NEW STORIES FROM THE SOUTH

The Year’s Best, 2002

By Shannon Ravenel

Pub Date: Sept. 13th, 2002
ISBN: 1-56512-375-1
Publisher: Algonquin

Several excitingly original stories from new and recently emergent writers make this now-venerable annual a must for readers who mean to keep up with contemporary short fiction.

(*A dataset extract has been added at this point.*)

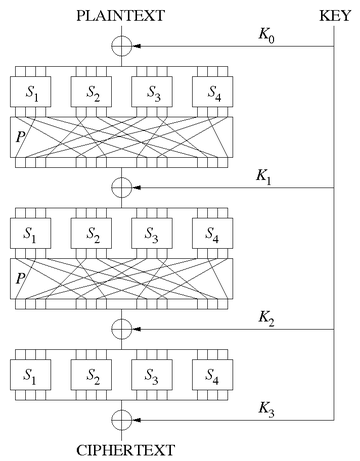 Encryption using substitutions and permutations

The volume gets off to a rocky start with novelist Larry Brown’s meandering, pointless preface (which really ought to have been scrapped). But it strikes gold with its first entry, playwright Romulus Linney’s beautifully structured, compellingly detailed story (“Tennessee”) of an elderly country woman’s survival of hardship, duplicity, and inexorably changing times. Other veteran writers include Max Steele, whose anecdotal “The Unripe Heart” smoothly conveys the confusion of a distracted preadolescent’s wary relationship with his “crazy” menopausal mother; Russell Banks, who limns in “The Outer Banks” a retired couple’s unspoken shared apprehension of their own fate as they deal with the death of their dog; and Doris Betts, at her nerve-grating best in the tense tale (“Aboveground”) of a grieving mother’s conflicted lingering reactions to the murder of her teenaged daughter. Pieces by newly familiar writers include Dwight Allen’s nostalgic, richly comic remembrance of a garrulous eccentric family’s misadventures (“End of the Steam Age”); Lucia Nevai’s sure-handed portrayal of a troubled marriage and a terminal illness “treated” by a forthright “Faith Healer”; and Bill Roorbach’s wonderful “Big Bend,” whose original premise matches a septuagenarian widower working for the National Park Service with a married amateur ornithologist, in a muted romantic comedy that features some irresistible dialogue exchanges (e.g., “The flesh is weak. . . . The flesh has a job to do”). The best discoveries include Aaron Gwyn’s somber, involving depiction (“Of Falling”) of a luckless “survivor” of numerous accidents who sees in the entire shape of his life the fact of his mortality; Corey Mesler’s racy Faustian tale (“The Growth and Death of Buddy Gardner”) of a ’60s blues artist’s supposed “pact with the devil”; and George Singleton’s very funny “Show-and-Tell,” about a schoolboy employed by his divorced father in a devious campaign to romance the boy’s teacher.

Ravenel is one of the most resourceful and intelligent editors in the business, and this entertaining 17th installment is one of her most pleasing productions.